Since I'm doing web querying/scraping of tabular data in several of my scripts, I want to refactor this functionality into a convenient module, and I would appreciate some input/criticism/wisdom from the other resident monks on that topic... :)

By "query", I mean a complete recipe for downloading a document from the web and extracting relevant pieces from it using XPath expressions and/or regexes.
By "tabular data", I mean that when a query is executed, it returns a list of items where each item has the same set of pre-defined "fields".

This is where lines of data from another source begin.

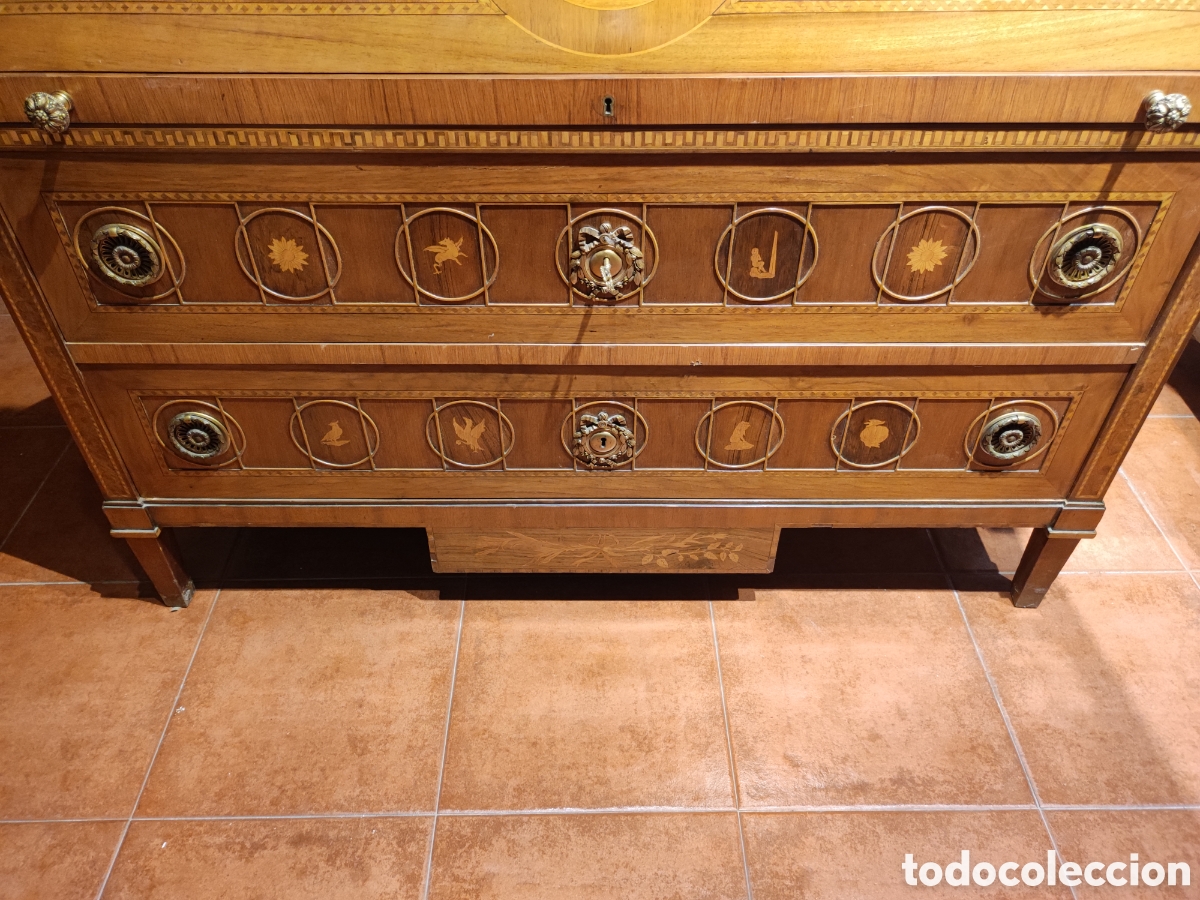 Antig&uuml;edades: C&oacute;moda escritorio cilindro - Foto 4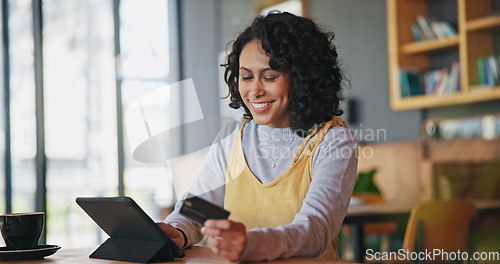 Image of Tablet, credit card and woman in restaurant, online shopping and payment in coffee store. Tech, plastic money and happy person in cafe in ecommerce, digital fintech or typing on financial banking app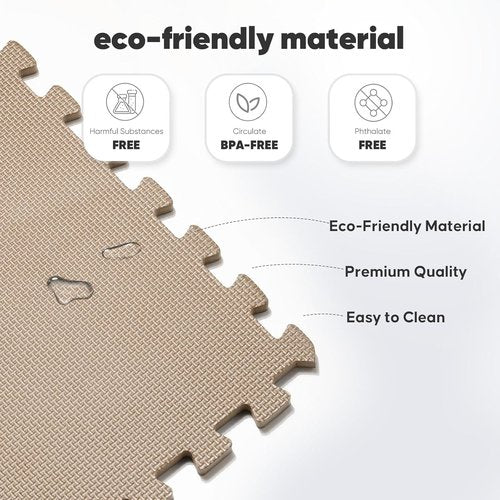 32 Pack Puzzle Exercise Mats by Home Gym - EVA Interlocking Foam Tiles for Workouts & Play - Blue, 24x24x½ in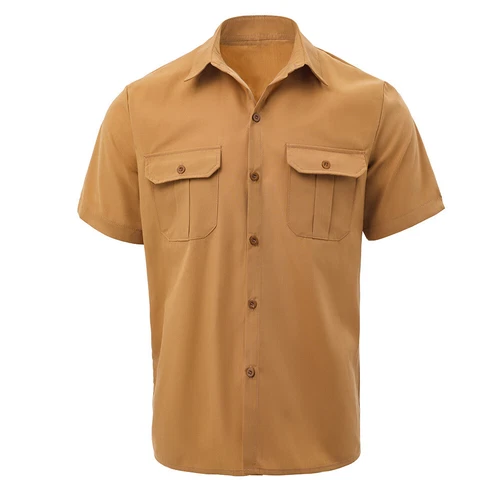 Men's Shirt Button Down Short Sleeve Two Front Pockets Solid Color Casual Tops#A - Picture 13 of 21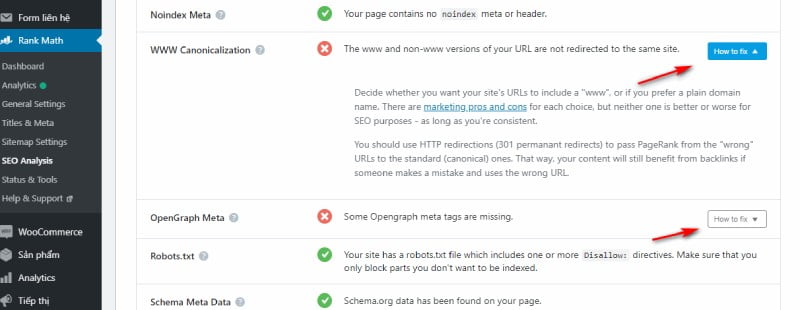 Các hướng dẫn đi kèm để xử lý lỗi khi Rank Math SEO cảnh báo.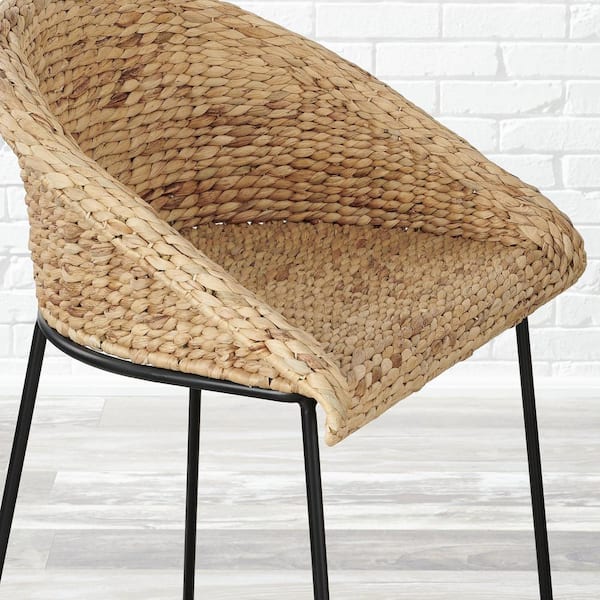 28 in. Natural Woven Hyacinth Bar Stool with Low Back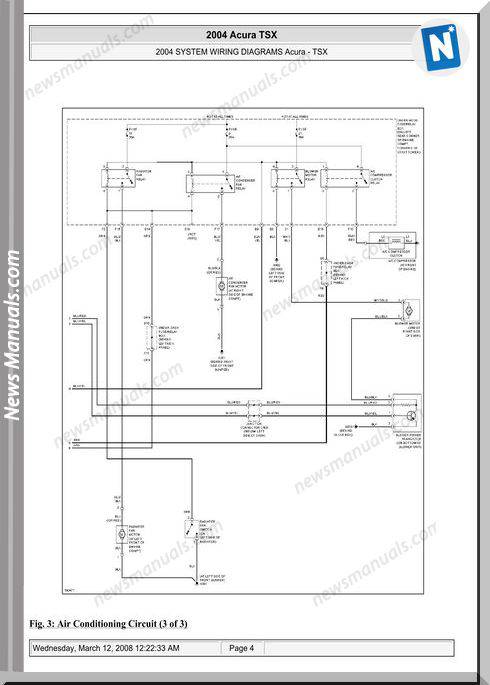 Acura Tsx System Wiring Diagrams 2003 2008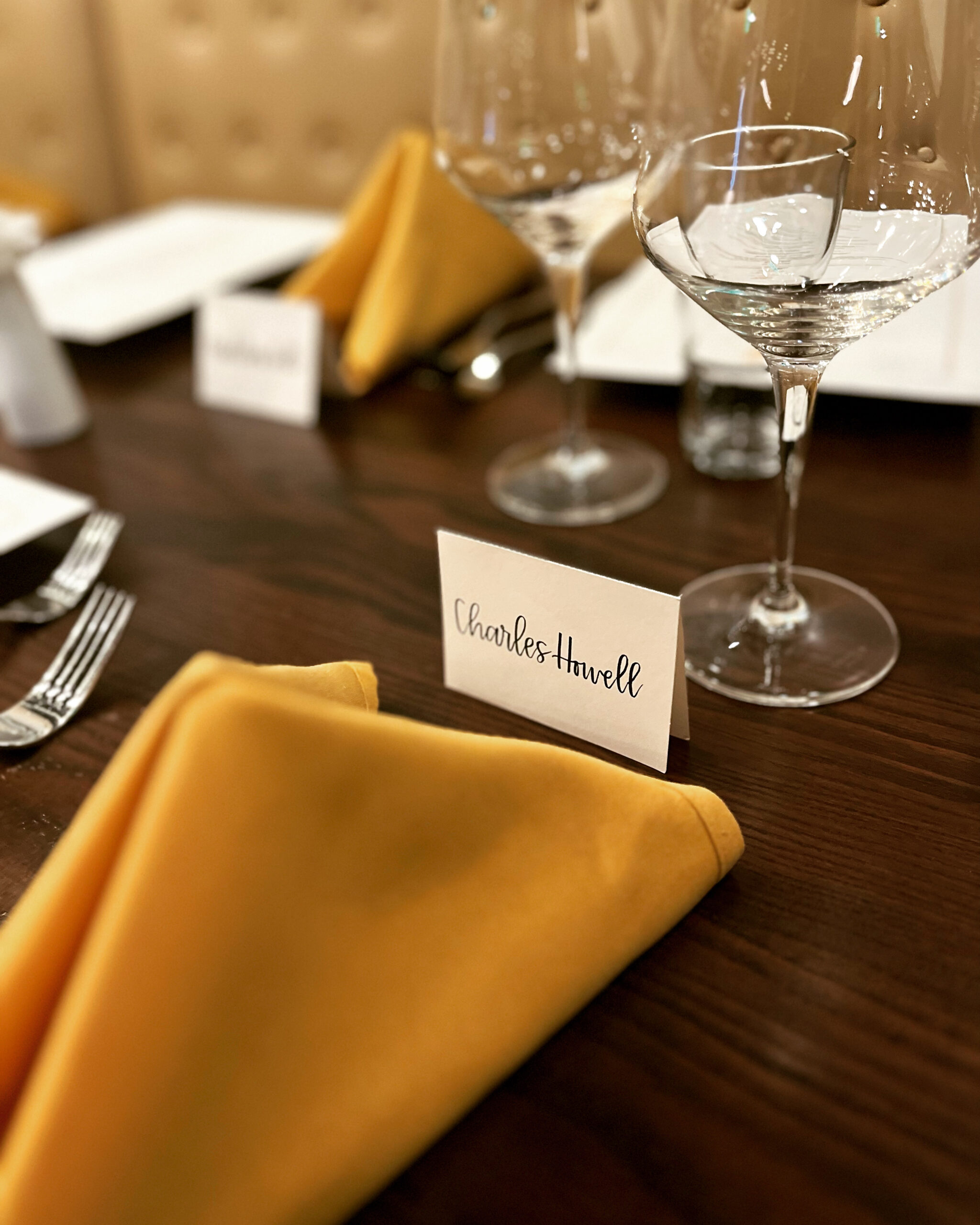 White-Name-Place-Card-Calligraphy-Charles-Howell-Wine-Glass-Yellow-Napkin-scaled.jpg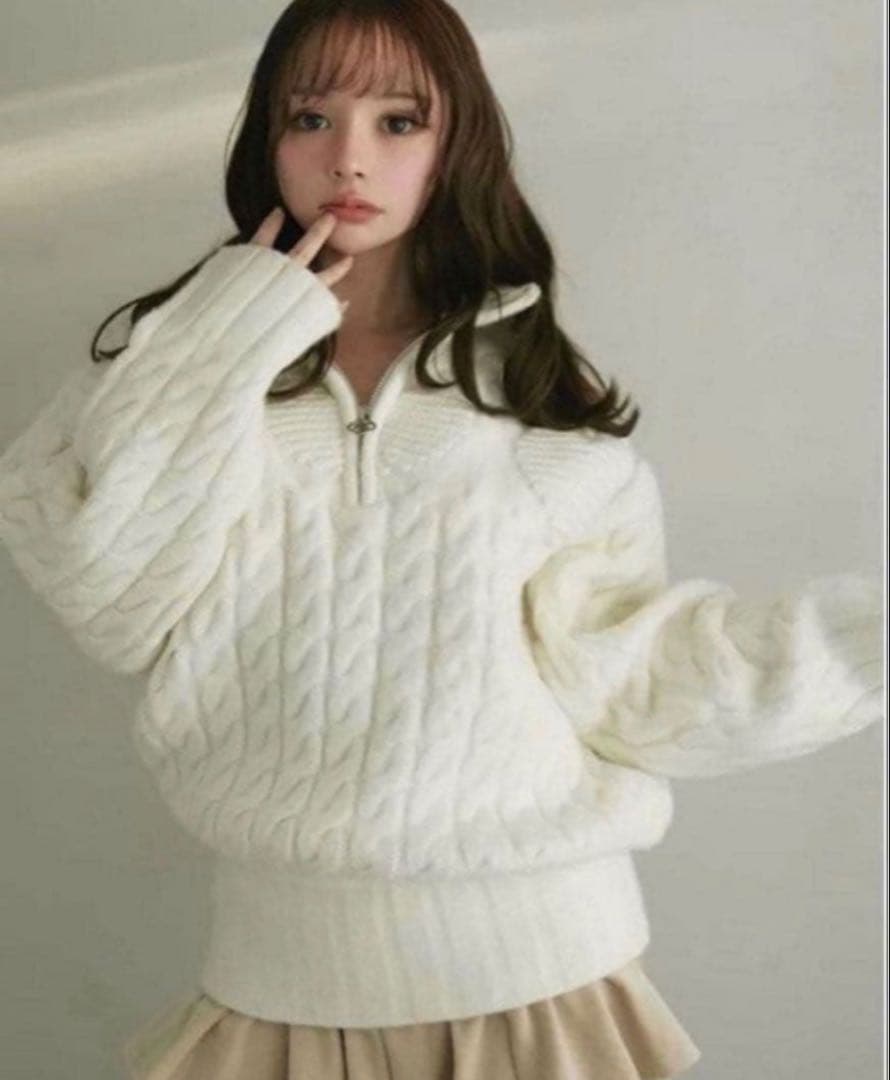 トップス andmary Heart loose knit ANDMARY POPUP STORE Heart loose knit color gray/white ¥13200-tax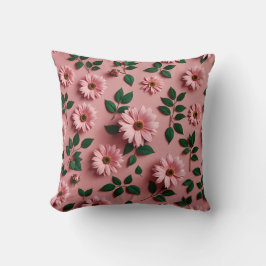 Rosa Blommönster Dekorativ kudde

The module's API should allow query definitions to be:

encapsulated - Everything that defines a particular query, should appear together as one self-contained unit in the user's source code.
declarative - Don't make the user write unnecessary boilerplate code or worry about implementation details.
reusable - Once a query is defined, it should be very easy for the user to execute it many times with different parameters during the program's execution.

What I have so far:

My current idea (a.k.a. "first draft") for the API is demonstrated by the following simple usage example, which would be a script for finding TV series by name:

#!/usr/bin/perl
use warnings;
use strict;
use My::Hypothetical::Web::Query::Module qw(register_query);


# Defining the query:

register_query 'tvdb_series_search' => {
    url   => 'http://thetvdb.com/api/GetSeries.php?seriesname=%s',
    cache => 'tvdb_search_%s.xml',
    items => '/Data/Series',  # this is an XPath expression!
    class => 'Series',
    parse => { 'name' => './SeriesName',
               'year' => ['./FirstAired', qr/^(\d{0,4})/],
               'desc' => './Overview' },
};


# Defining the type for the query's result items:

package Series {
    use Moo;
    has name => (is => 'ro');
    has year => (is => 'ro');
    has desc => (is => 'ro');
    
    sub summary {
        my $self = shift;
        return sprintf "%s [%s]\n  %s\n", $self->name, $self->year,
                   substr($self->desc, 0, 64).'...';
    }
}


# Executing the query and iterating over its result list:

my $it = tvdb_series_search( $ARGV[0] );

while (my $series = $it->()) {
    print $series->summary();
}
[download]

Sample output:

$ ./findseries.pl cards
House of Cards [1990]
  The PM made a deadly mistake when he passed over Francis Urquhar...
House of Cards (US) [2013]
  House of Cards is an American political drama series developed a...
[download]

I.e. a query is defined using a hash, some of whose values (like the URL) are sprintf patterns that will get filled by the parameter(s) passed to the query each time it is executed. Each of the parsing rules (items and the child values of parse) can be given as an XPath expression or a regex, or as an array of multiple XPath expressions and regexes where each one narrows down the result of the preceding one.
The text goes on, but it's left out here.